To remind you of the idea behind least squares, recall that we are trying to find a vector c that minimizes the distance || Bc - d ||.  Of course, we can never hope for this norm to be zero since Bc = d has no solutions.  However, the equation Bc = projV d, where V is the column space of B, does have a solution.  This is because projV d lies in the column space of B, and B hits every vector in its column space.  The solution to this equation turns out to minimize the norm || Bc - d || (You can look up why in your linear algebra book).  In the following exercise we will solve the equation Bc = projV d directly.

 Exercise 5.6 (a)  Enter the matrix B and the vector d into MATLAB.  Now follow the steps below to compute projV d: 1. We must first find an orthonormal basis for V. For this we use the qr() command. Type in: >> [Q, R] = qr(B,0) 2. The columns of Q form an orthonormal basis for V. Let us give them their own names. Type in: >> x = Q(:,1) >> y = Q(:,2) 3. Now we are ready to compute projV d. Recall that to do this, we must add up the projections of d onto each element in the orthonormal basis of V. Typing in the following will accomplish just that: >> v = dot(x,d)*x  + dot(y,d)*y Remember to include all your input and output in your write-up. (b)  Now solve the equation Bc  =  projV d  =  v, by typing in: >> c = B\v Check your answer is correct by entering: >> B*c - v and making sure the answer is zero.  (Remember that MATLAB may return a very small number instead of zero due to a rounding error.) (c)  Now let's compare the answer in the previous part to what MATLAB gives us using the built-in least squares routine called "lscov".  To use it, we must specify three parameters: the matrix B, the vector d, and a covariance matrix X, which you don't have to worry about in this course.  Type in the following command: >> c1 = lscov (B, d, eye(5)) (Note that for the matrix X we just took a 5 x 5 identity matrix, but don't worry about why.)     How does your answer to this part compare to your answer in part (b)?

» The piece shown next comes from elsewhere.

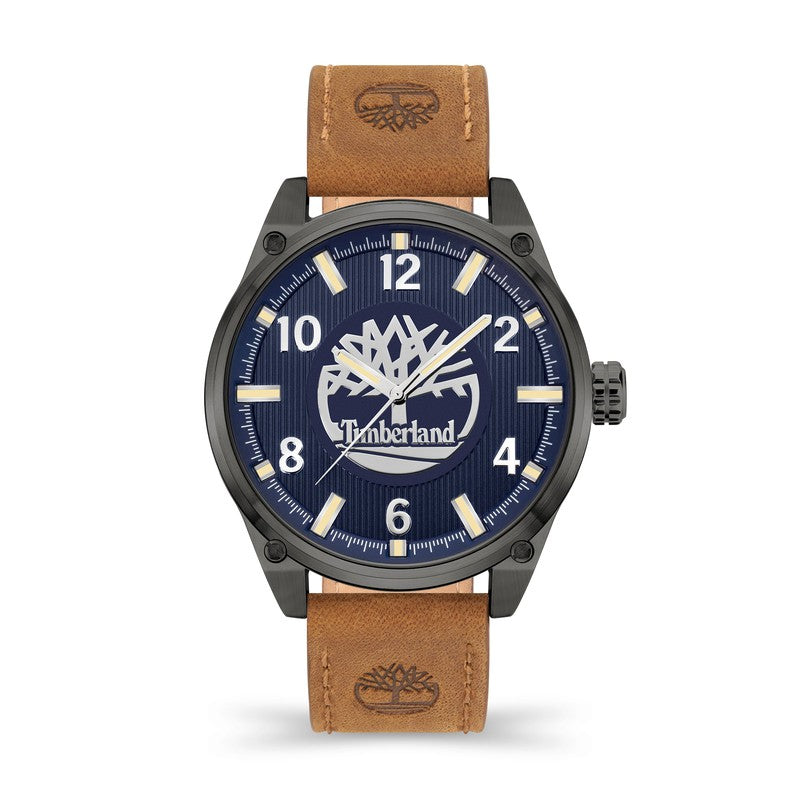 Timberland Caratunk 3 Hands Brown Leather Strap Watch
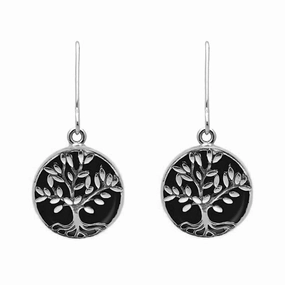 Sterling Silver Whitby Jet Round Large Tree of Life Leaves Drop Earrings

In the next exercise we will plot our data points, along with the best-fit line, to illustrate the effectiveness of the least squares method.

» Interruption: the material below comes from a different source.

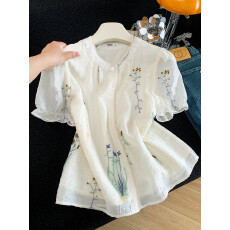 批发时尚百搭印花圆领衬衫女2026夏季新款荷叶<b class='q'>短袖</b>气质正肩小衫上衣潮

 Exercise 5.7 (a)  What is the equation of the best fit line? (Remember that the equation of the line is y = mx + b, and the vector c you obtained in the previous question is equal to  (b, m)T) (b)  Use the equation of the line you obtained in part (a) to calculate the pressure at the following temperatures: 35°F, 170°F, and 290°F. (c)  We can now plot the data points and our line to see visually if the approximation is good or not.  Type the following: >> x=B(:,2); >> y=d; >> t=0:1:300; >> z=polyval([c(2);c(1)],t); >> plot(x,y,'x',t,z)

Remark 5.5  polyval()returns a polynomial of specific degree with coefficient specified by a vector.

§5.5 Feedback
Introduction to MATLAB
We're almost done, but before we finish we'd like to get some (optional) feedback from you so that we can improve this lab.  If you have any comments, write them (by hand if you like) on a separate page at the end of your assignment, so that we can tear it off before we give back your assignment.

 Feedback (Optional) Do you have any suggestions to help improve this lab?  This includes errors or potential errors, typos, unclear statements or questions, or anything else that comes to mind.  The more specific you can be, the easier it will be for us to improve the lab.

§5.6
Conclusion

So what have we learned in this lab?  We've learned that the concept of orthogonal bases cannot be overemphasized.  They are, arguably, the most convenient bases one can use to perform computations.  The related idea of orthogonal matrices is also very important.  Not only do such matrices constitute an area of intense study in mathematics, but they also manifest themselves in physics as rigid motions of space.  We've also talked about the least squares method and we've learned that it is quite useful in analyzing all sorts of experimental data.  As long as we have some idea about the relationship between the data, we can use least squares to make predictions and extend the results beyond the scope of our experiment.